Life is filled with possibilities, and the overwhelming amount of possibilities are negative. You're lucky if you aren't tripping over yourself on the stage of fate, a puppet to the whims of an external force. Life is traumatic.
We like to play pretend and convince ourselves that everything is alright, even great!. We go to church, pray to a non-existent hero archetype, put our confidence in devious politicians and snake-oil salesmen, submerge ourselves in the collective insanity of pop-culture and shopping, and unjustifiably-predict bright and happy futures for us and our spouse, whom we'll have three kids with, as well as buy a dog from a breeder, and whom we'll live in a house with a white picket fence, a style of house similar to that which our children will also live with their spouse, children, and dog when they grow up and mature into successful businesspersons with a 6-figure salary and a perfect retirement program.
Maturation is synonymous to the hiding of one's scars and the acceptance that one is a finite, limited, and overall weak entity in a world of great power.
Depression:
Depression is the rational response to an objective and honest reflection upon life. Mild to moderate depression, a more intellectual-motivated apathy, characterizes the negative person. Melancholy. The negative person appreciates the good while recognizing the contingency and fleeting nature of it, as well as the context in which it exists.
A deep sense of ennui is present in anyone who is actively conscious without any stimulation for an extended period of time. Like Mark Zapffe said, the universe is unable to accommodate the human psyche. There will always be a sense of dread and emptiness. That which catches the attention of the mind is either harmful or a cute novelty.
Fundamentally reality follows the rules of Scarcity and Fatigue. Resources are Scarce, and are used up, leading to a Fatigue in the system. It's a cosmic rule.
All of our structures, civilizations, aesthetics, dramas, relationships, and the like will eventually be destroyed. It in inevitable. Entropy will win whether we like it or not.
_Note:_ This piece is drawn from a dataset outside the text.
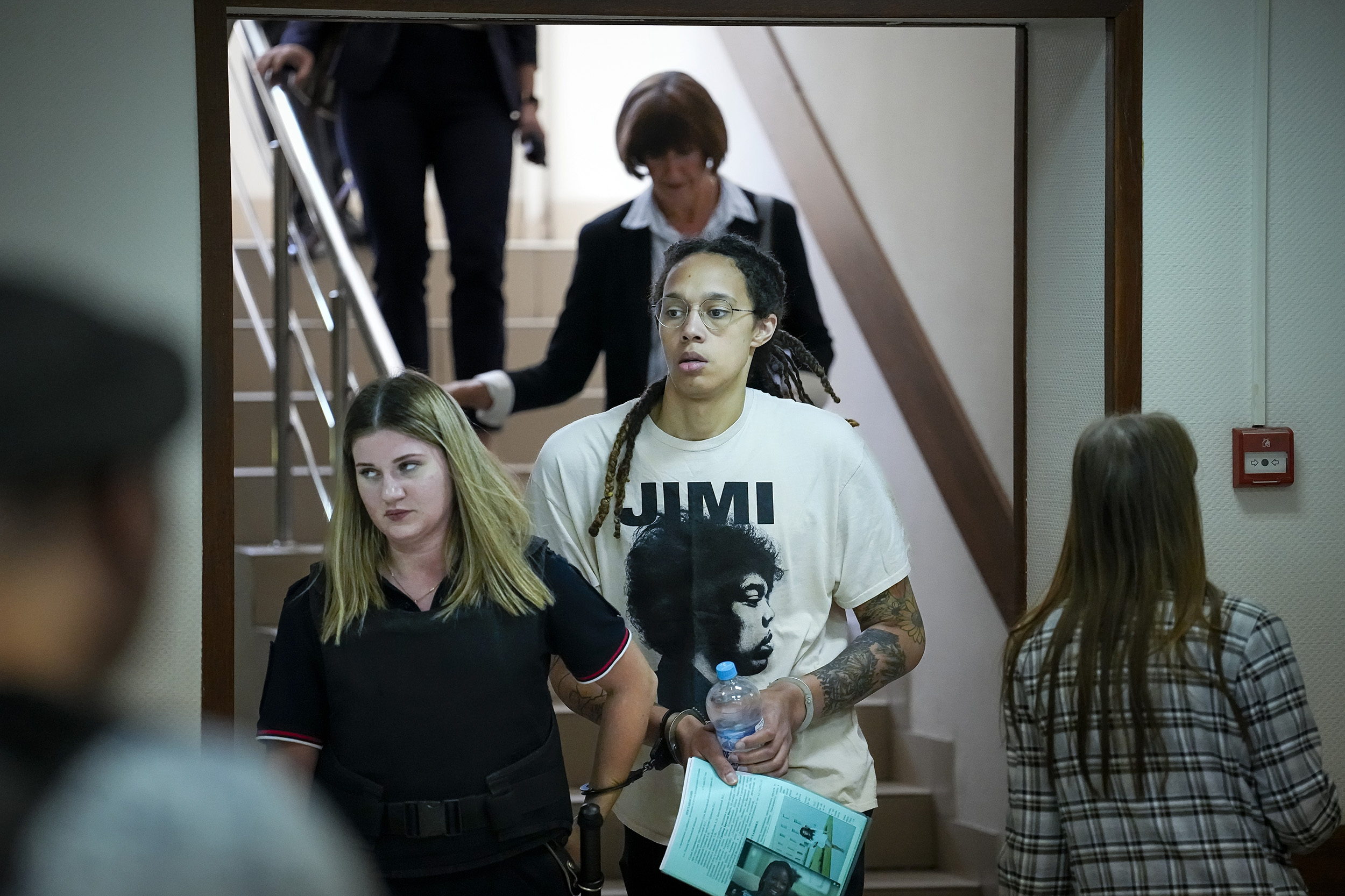 WNBA star and two-time Olympic gold medalist Brittney Griner, center, is escorted to a courtroom for a hearing, in Khimki just outside Moscow, Russia, on July 1.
Reality is ultimately and unavoidably boring. There is nothing particularly special about existence, nothing worth noting, nothing inherently valuable in itself (positive and negative value). All value is a subjective appropriation necessary for survival. Creativity is the need to create something interesting from a world of utter flat-ness. We live in a world that stretches beyond our backyards, but has the depth of a puddle.